The amendments I propose take a different approach. Instead of an automatic right to be offered a guaranteed-hours contracts, we propose a right to request a guaranteed-hours contract. It entirely respects the spirit of the Government’s intentions. As the noble Lord, Lord Fox, has already explained, it would impose the same the obligations on employers as the Government’s Bill. This would preserve the choice for workers, empowering them to seek greater stability when they wish, but it would avoid imposing blanket obligations on employers that may lead to perverse outcomes. The Government’s current drafting, with an automatic right to guaranteed hours, risks creating a bureaucracy that neither workers nor businesses have asked for.

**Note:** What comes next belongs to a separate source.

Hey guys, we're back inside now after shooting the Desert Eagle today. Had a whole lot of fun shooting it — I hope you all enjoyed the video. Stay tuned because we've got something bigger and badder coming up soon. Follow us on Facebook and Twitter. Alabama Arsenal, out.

On the subject of businesses, it is worth referring to the letter received from five employers’ organisations. For reference, those are Make UK, the CBI, the IoD, the Federation of Small Business and the British Chambers of Commerce. They say in that letter:
“Not every job can be made compatible with every possible need. This reform means businesses incur admin costs whenever an employee works variable hours. The result is that firms are discouraged from offering variable hours even when the flexibility is requested by workers, including voluntary overtime. The cost associated with administering and calculating contract offers on a rolling basis whenever staff work additional hours is also disproportionate and provides no clear benefit to workers”.

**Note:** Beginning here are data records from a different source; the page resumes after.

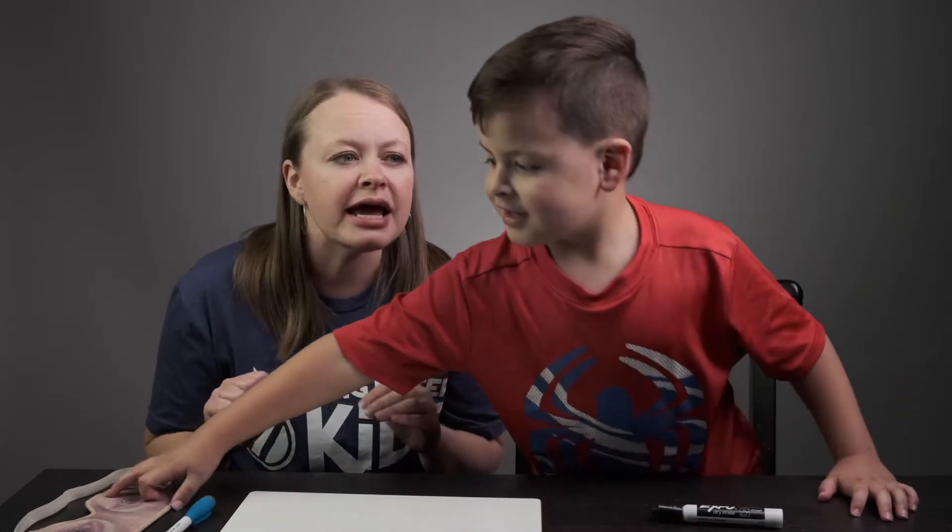Hey Livin' Water Kids families, today we're going to have a drawing contest. I already know — I picked out a word of something that I'm going to draw. Erin, you have to guess what it is that I'm drawing, and the families at home can guess too.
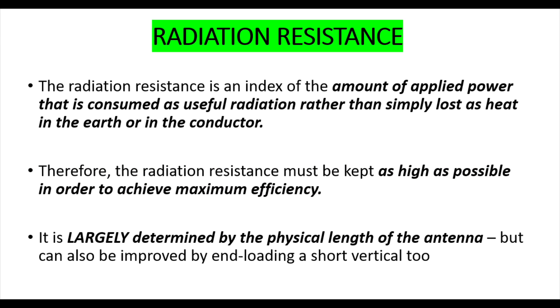Radiation resistance - what this basically is, is the amount of power that is consumed as useful radiation rather than lost as heat in the earth or in the conductor. In other words, it's the amount of power we're actually pushing out from the antenna.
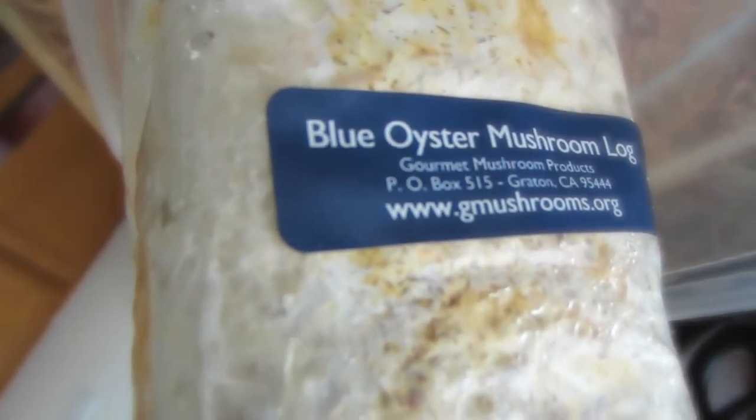Growing my own mushrooms is really cool. This variety is the blue oyster mushroom and it tastes very delicious. Let me know if you guys have ever grown indoor mushrooms. Alright guys, that was it — happy eating, love you guys! Don't forget to like and subscribe. Any vegetarians out there, do you have any mushroom recipes you'd recommend? Let me know — see you guys!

I could not have put it better myself.
There has been some reference on the other side, by the noble Baroness, Lady Carberry, to the Low Pay Commission, which met seven years ago. That ignores the fact that, over the last seven years, working practices more generally through the economy—whether on flexible-hours contracts or not—have changed very dramatically, partly as a consequence of the pandemic. I note that the FSB has now signed the letter which includes the quote I have just delivered, so it has clearly changed its mind.
I recognise that there may be an even simpler and more effective alternative to the right to request, which would be an automatic offer of a guaranteed-hours contract combined with the right for the worker to opt out if they so wish, so Amendment 17 introduces a worker opt-out mechanism. A qualifying worker may opt out of receiving a guaranteed-hours contract provided that the employer has provided clear written information about the guaranteed-hours system, the worker has given written notice in a prescribed form, and the employer reminds the worker at regular intervals, at least every six months, that they can opt back in at any time. Under that model, every eligible worker would be enrolled on to a guaranteed-hours contract after the reference period by default.

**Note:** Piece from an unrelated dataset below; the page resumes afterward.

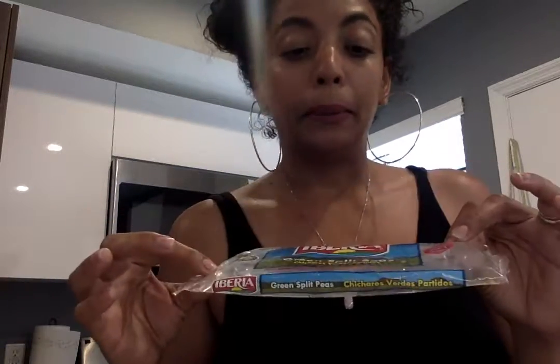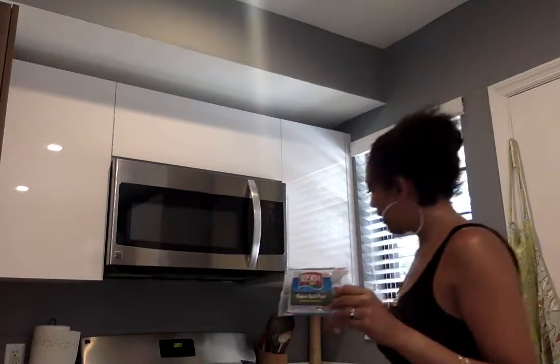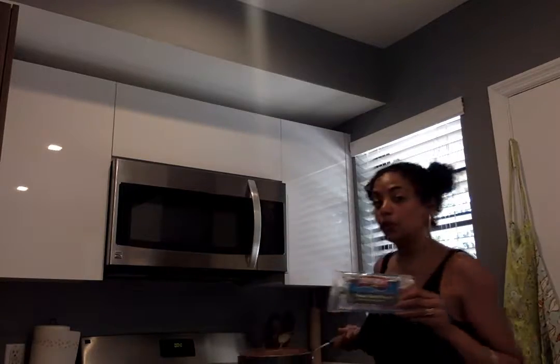So here I have Iberia green split pea. I call them lentils, but it's split pea. I don't know — see the difference? So here I am, I already made my little confessions in the background.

However, those workers who genuinely value the flexibility of their zero-hours arrangement—and there are many, particularly, as we have already discussed, young people, carers and so on—would have the right to decline the offer by providing written notice. This approach would strike a better balance, because it would ensure that guaranteed hours are the norm unless the worker themselves chooses otherwise, thereby protecting workers who might otherwise feel pressured not to request more security. Equally, it would avoid the unnecessary administrative burden on employers of offering contracts that in many cases would be rejected. We would be sparing businesses the cost and disruption of a process that delivers little practical benefit where flexibility is mutually valued by both employer and employee. It would ensure that the choice remains a real and continuing one, recognising that workers’ needs and circumstances evolve.
My Lords, I too support Amendment 5. Without small businesses growing and taking on people, we will not achieve the outcomes that the Government have set for getting more people into work. I referred in a debate on an earlier group to the 80% target.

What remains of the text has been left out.